Objectives The aim of this study was to compare two teaching protocols according to the technical quality of root canal therapy (RCT) and the procedural errors occurred in preclinical training.

Materials and Methods Two different groups of students were concerned. The first one (G1) performed a crown-down technique to shape the root canal systems and cold lateral condensation technique to fill them. The second one (G2) performed a step-down technique without initial manual scouting to shape the root canal systems, and cold hydraulic condensation technique, to fill them. G2 used clinical operative microscope to check the access cavity preparation.

Statistical Analysis The quality of RCTs and procedural errors were recorded and analyzed using chi-squared test and t-test.

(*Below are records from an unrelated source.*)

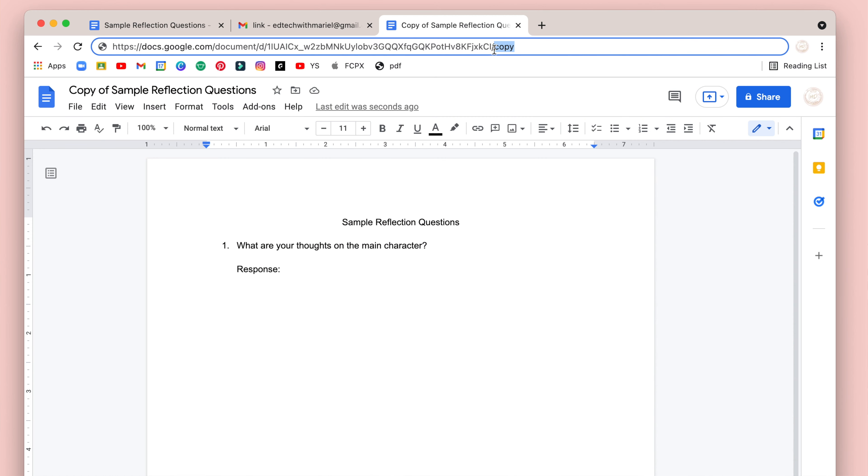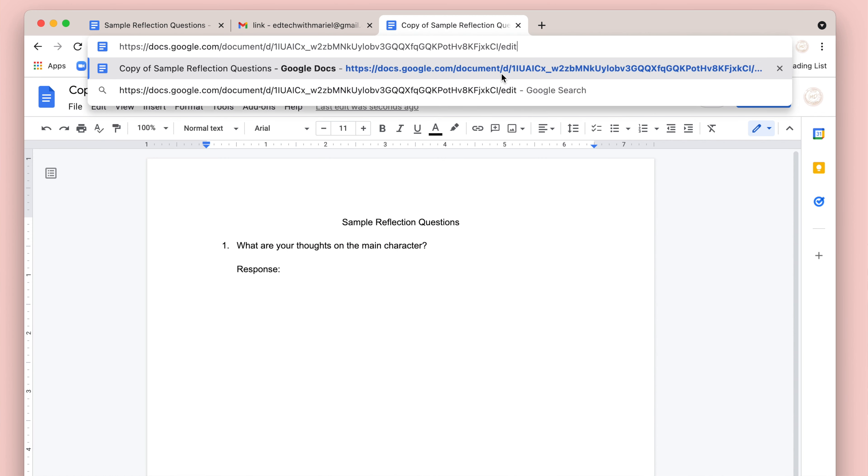Now the reason why you don't want to set the share settings to anyone with link and edit is because theoretically a student could change the URL back to "edit" and then have editing access to your original doc. Shout out to the high schooler who showed me that trick. Now that you know how to quickly force a copy of a doc and share it with students, show off a bit more by watching this video about how to create a super sleek bookmarks bar.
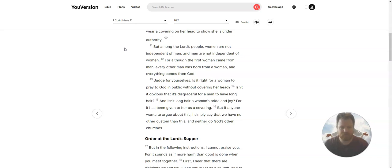But if anyone wants to argue about this, I simply say that we have no other custom than this, and neither do God's other churches.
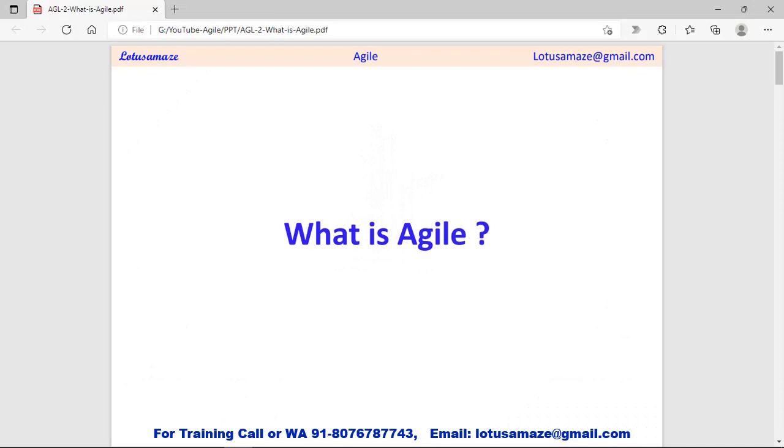Hi, this is Avinash Sharma, and in this session we will discuss what is Agile exactly.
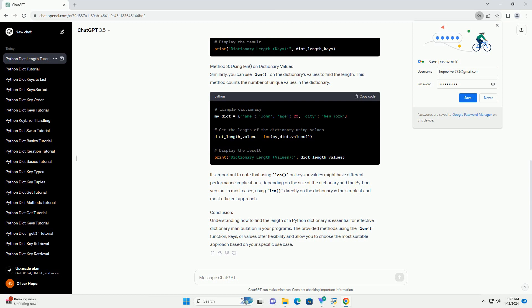Conclusion: Understanding how to find the length of a Python dictionary is essential for effective dictionary manipulation in your programs. The provided methods using len() function, keys, or values offer flexibility and allow you to choose the most suitable approach based on your specific use case.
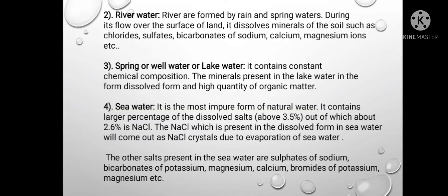Spring, well, or lake water contains a constant chemical composition. The minerals present in the lake water are in dissolved form along with high quantities of organic matter. Fourth, sea water — it is the most impure form of natural water. It contains a larger percentage of dissolved salt, above 3.5%, out of which 2.6% is sodium chloride (NaCl), which is present in dissolved form and will come out as NaCl crystals due to evaporation. The other salts present in sea water are sulphates of sodium, bicarbonates of potassium, magnesium, calcium, and bromides of potassium and magnesium.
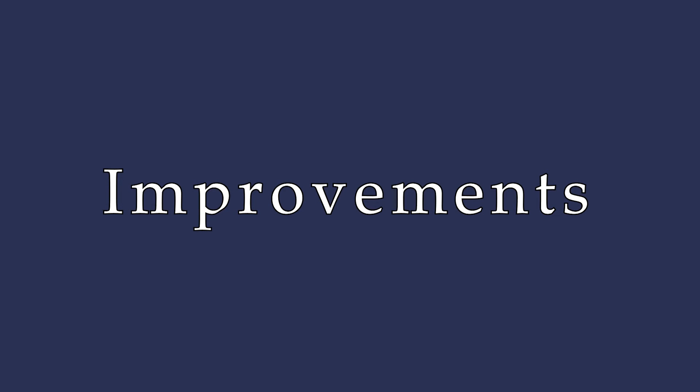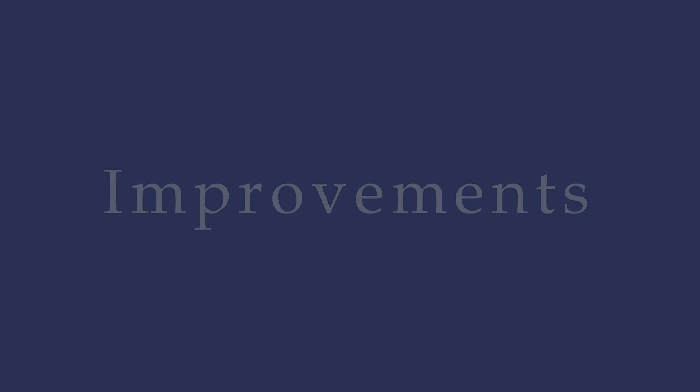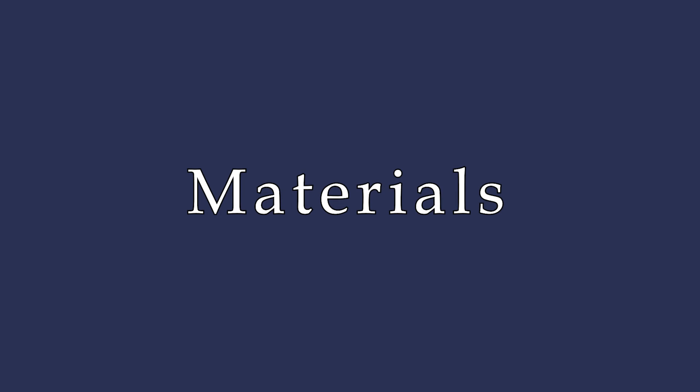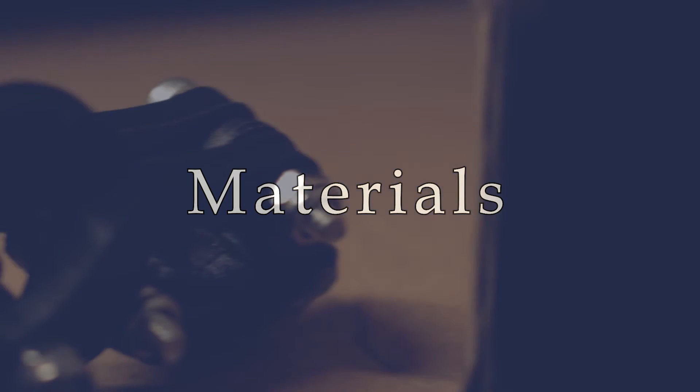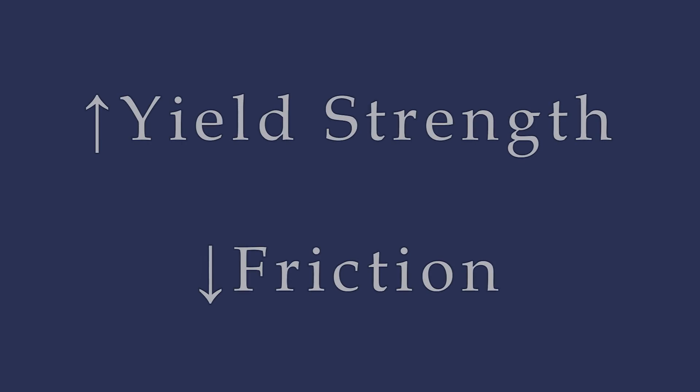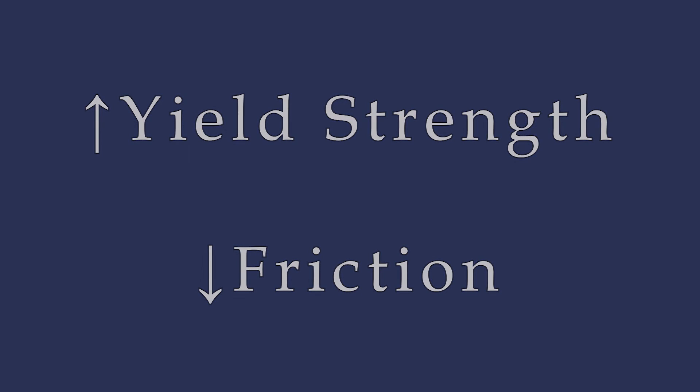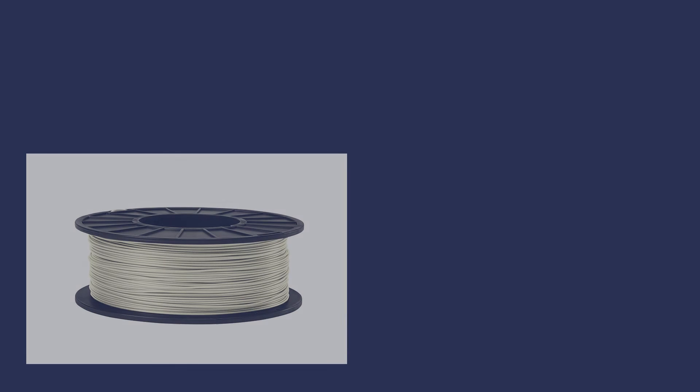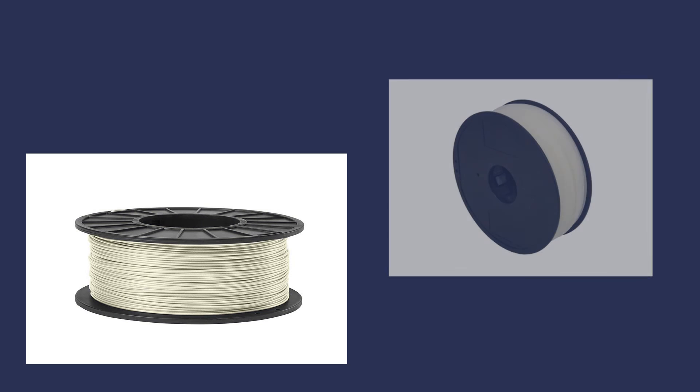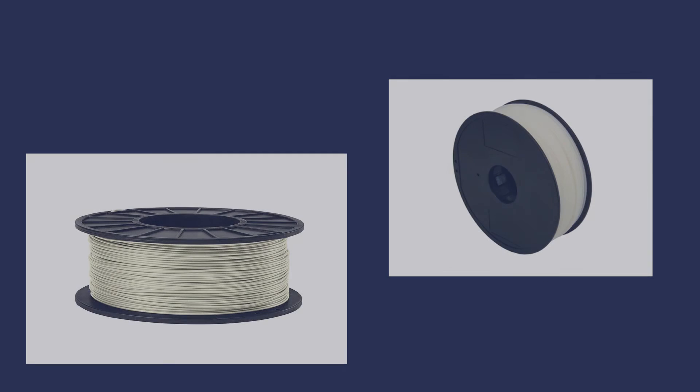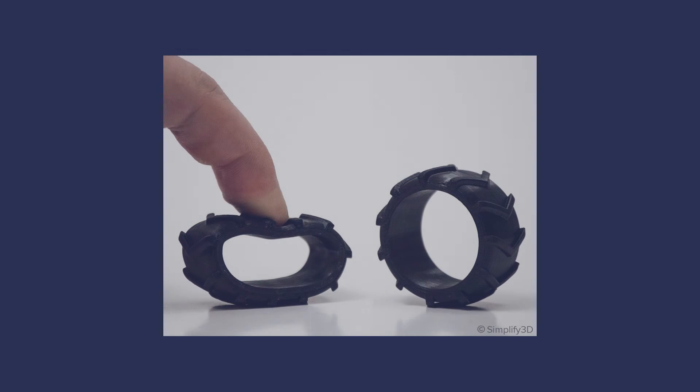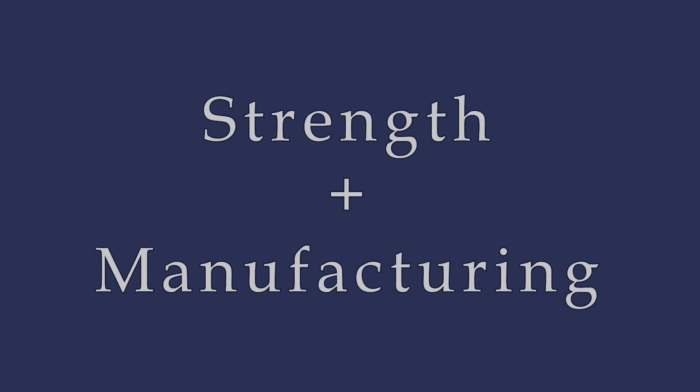Now, there are several improvements to this design that could bring it to the next level. The first is materials considerations. This iteration is printed in ABS plastic, and while it is a tough material, others should be considered that have higher yield strength and lower coefficients of friction. Higher temperature materials like nylon or high-impact polystyrene could be future options. To streamline manufacturing, the molded silicone parts could also be 3D-printed out of elastomeric materials like TPU.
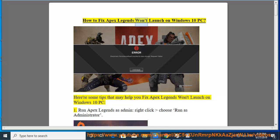How to fix Apex Legends won't launch on Windows 10 PC. Here are some tips that may help you fix Apex Legends won't launch on Windows 10 PC.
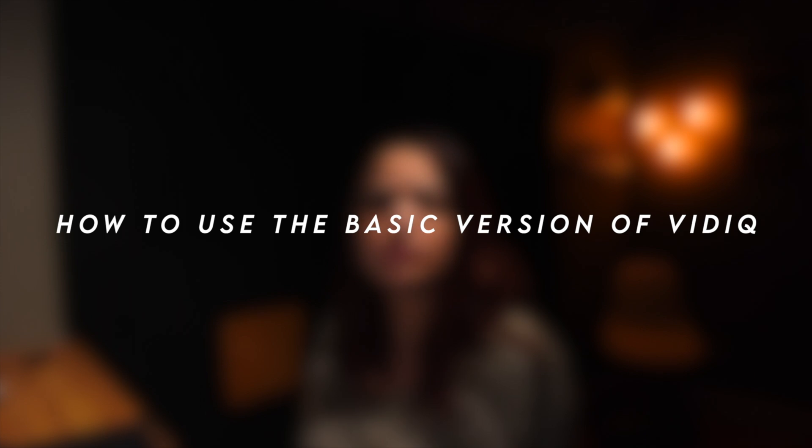Hey YouTube, welcome back to my channel. I am Amanda Barrows and today I will be talking about how to use the basic version of vidIQ. If you've watched my YouTube analytics video, you already know that I am a very new content creator and I'm exploring different free resources to properly optimize my videos.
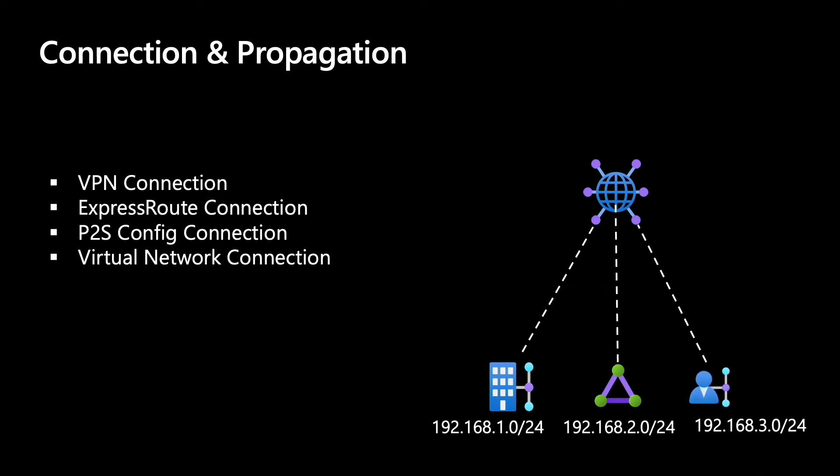Then let's say we add a user to the mix. This user is basically a point-to-site user that terminates or connects into a point-to-site gateway in the virtual hub. The connection is known as a point-to-site connection.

Results Four hundred sixty-eight root canals from 152 maxillary molars were treated by the G1 students: 46.6% canals were judged as acceptable. Four hundred sixty-nine root canals from 152 mandibular molars were treated by G1: 58.8% canals were judged as acceptable. Five hundred fifteen root canals from 156 maxillary molars were treated by G2 students: 84.1% canals were judged as acceptable. Four hundred ninety-three root canals from 156 mandibular molars were treated by G2: 90.9% canals were judged as acceptable. Among the errors, the incidence of “ledges” and “fractured instruments” was statistically significant in G1 compared with G2, both on maxillary and on mandibular molars.

Conclusions The molar RCTs performed by G2, who got benefit from the new teaching protocol, resulted in a better quality of root filling and in fewer procedural errors compared with the molar RCTs performed by G1.